Responding effectively rather than reacting impulsively is a key skill in managing interactions and situations both personally and professionally. Here are some steps to help cultivate a more thoughtful and effective response:

  1. Pause and Breathe: Before you do anything, take a moment to pause and take a few deep breaths. There is a literal health benefit from this as it activates the body's relaxation response through the parasympathetic nervous system and actually reduces cortisol, the stress hormone.

  2. Acknowledge Your Feelings: Recognize and label your emotions (Yes, label them! Its actually important so you are sure to recognize it for what it is the next time you feel it - this is an important aspect of self-awareness and understanding your triggers and responses to them). Are you angry, frustrated, hurt? Acknowledging your feelings to yourself helps in managing them and prevents them from controlling your response.

  3. Assess the Situation Objectively: Try to step back and view the situation from an outside perspective. Ask yourself what's actually happening, separating facts from your emotional interpretation.

  4. Consider the Consequences: Think about what the potential outcomes would be based on how you responded. How will it affect you and others involved? Will it resolve the situation or escalate it? What are the short-term implications, long-term implications?

  5. Choose a Constructive Response: Based on your assessment, choose a response that is constructive and aligns with your values and goals.

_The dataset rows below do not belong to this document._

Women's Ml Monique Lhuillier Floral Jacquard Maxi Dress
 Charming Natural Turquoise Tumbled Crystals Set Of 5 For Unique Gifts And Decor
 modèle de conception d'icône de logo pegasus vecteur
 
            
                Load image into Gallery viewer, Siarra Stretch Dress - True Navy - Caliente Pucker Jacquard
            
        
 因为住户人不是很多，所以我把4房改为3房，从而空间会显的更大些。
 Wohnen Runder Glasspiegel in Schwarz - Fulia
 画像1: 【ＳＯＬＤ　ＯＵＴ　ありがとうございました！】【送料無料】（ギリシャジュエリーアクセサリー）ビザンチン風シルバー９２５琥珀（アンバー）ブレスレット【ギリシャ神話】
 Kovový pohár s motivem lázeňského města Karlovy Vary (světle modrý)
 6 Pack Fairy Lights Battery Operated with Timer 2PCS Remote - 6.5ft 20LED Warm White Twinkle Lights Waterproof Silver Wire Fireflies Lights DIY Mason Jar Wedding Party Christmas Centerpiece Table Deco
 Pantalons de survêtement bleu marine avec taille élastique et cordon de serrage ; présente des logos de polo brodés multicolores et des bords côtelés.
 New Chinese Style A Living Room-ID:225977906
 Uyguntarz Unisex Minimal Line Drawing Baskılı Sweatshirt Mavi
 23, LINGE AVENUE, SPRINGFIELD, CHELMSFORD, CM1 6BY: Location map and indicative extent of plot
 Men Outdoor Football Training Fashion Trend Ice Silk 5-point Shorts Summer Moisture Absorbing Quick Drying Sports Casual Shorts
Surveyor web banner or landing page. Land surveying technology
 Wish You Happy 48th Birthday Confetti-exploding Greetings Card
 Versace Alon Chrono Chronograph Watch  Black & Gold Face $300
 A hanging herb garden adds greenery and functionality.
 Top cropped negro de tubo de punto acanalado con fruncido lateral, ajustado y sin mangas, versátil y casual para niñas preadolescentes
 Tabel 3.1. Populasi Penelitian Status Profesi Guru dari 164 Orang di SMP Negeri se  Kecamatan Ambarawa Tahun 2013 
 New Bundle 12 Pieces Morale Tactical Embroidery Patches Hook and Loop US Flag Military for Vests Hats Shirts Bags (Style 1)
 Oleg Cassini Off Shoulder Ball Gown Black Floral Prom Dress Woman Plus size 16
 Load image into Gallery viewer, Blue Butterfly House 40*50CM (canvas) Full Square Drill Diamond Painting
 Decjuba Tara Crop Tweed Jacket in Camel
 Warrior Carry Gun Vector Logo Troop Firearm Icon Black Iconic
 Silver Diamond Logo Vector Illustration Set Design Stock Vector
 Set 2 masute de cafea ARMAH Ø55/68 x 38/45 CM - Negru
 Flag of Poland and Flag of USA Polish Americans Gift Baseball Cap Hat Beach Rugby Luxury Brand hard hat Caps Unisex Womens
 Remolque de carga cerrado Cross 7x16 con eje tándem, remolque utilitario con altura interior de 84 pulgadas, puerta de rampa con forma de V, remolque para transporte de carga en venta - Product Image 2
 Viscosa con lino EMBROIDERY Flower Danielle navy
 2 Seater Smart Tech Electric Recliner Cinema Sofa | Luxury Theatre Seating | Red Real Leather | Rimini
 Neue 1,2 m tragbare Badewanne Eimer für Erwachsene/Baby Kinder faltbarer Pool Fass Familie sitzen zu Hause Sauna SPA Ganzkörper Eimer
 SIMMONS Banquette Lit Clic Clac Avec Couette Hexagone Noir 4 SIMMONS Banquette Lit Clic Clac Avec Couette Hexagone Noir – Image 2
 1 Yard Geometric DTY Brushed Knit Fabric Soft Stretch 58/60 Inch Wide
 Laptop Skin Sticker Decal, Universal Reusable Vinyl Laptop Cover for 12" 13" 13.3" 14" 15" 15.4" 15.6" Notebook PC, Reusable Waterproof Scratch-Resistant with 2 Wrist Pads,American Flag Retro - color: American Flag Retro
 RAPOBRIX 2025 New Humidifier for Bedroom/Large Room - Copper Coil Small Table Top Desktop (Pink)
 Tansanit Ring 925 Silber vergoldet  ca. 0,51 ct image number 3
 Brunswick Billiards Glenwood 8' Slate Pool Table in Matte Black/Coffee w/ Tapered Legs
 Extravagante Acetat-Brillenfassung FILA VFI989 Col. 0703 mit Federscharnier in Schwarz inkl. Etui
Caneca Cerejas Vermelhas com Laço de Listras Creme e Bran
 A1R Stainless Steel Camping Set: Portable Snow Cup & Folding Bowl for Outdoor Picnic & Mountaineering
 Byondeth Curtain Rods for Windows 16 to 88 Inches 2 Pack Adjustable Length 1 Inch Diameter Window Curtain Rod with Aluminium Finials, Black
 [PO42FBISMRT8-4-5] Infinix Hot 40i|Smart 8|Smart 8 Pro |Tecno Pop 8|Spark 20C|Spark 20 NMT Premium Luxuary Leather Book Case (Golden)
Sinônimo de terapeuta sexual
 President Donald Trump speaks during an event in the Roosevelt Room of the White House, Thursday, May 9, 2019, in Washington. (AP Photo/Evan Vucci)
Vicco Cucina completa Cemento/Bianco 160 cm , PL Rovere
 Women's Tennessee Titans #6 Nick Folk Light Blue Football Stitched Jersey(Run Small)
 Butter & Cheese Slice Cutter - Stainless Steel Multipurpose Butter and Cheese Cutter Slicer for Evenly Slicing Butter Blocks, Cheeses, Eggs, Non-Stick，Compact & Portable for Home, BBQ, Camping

This might involve addressing the issue directly, seeking compromise, or sometimes choosing not to engage at all (this can be one of the hardest things - remember, confidence, experience, and skill are demonstrated through actions not words... If you have to say it, it's because your actions must not be - it's OK to not engage sometimes!).

  6. Communicate Clearly and Calmly: When you do need to respond, do so clearly and calmly. Use “I” statements to express how you feel without blaming or accusing others. For instance, "I feel upset when..." instead of "You make me upset because..." You must always consider, you MAY have mis-understood.

  7. Reflect and Learn: After the situation has passed, reflect on it. Consider what you learned from the experience and how you might handle similar situations in the future. This reflection can help you develop even greater response effectiveness over time.

Having thoughtful engagement with our internal self is empowering. It steers us away from the pitfalls of automatic reactions that can worsen conflicts or lead to greater misunderstandings. Instead, it endows us with the capacity to handle situations with understanding, empathy, and effectiveness. This approach isn't just about reining in our immediate reactions; it's about actively directing our energy towards responses that are beneficial and congruent with our personal and professional aspirations. In essence, taking that moment to pause and reflect before engaging allows us to create interactions that are more positive, meaningful, and effective in our lives.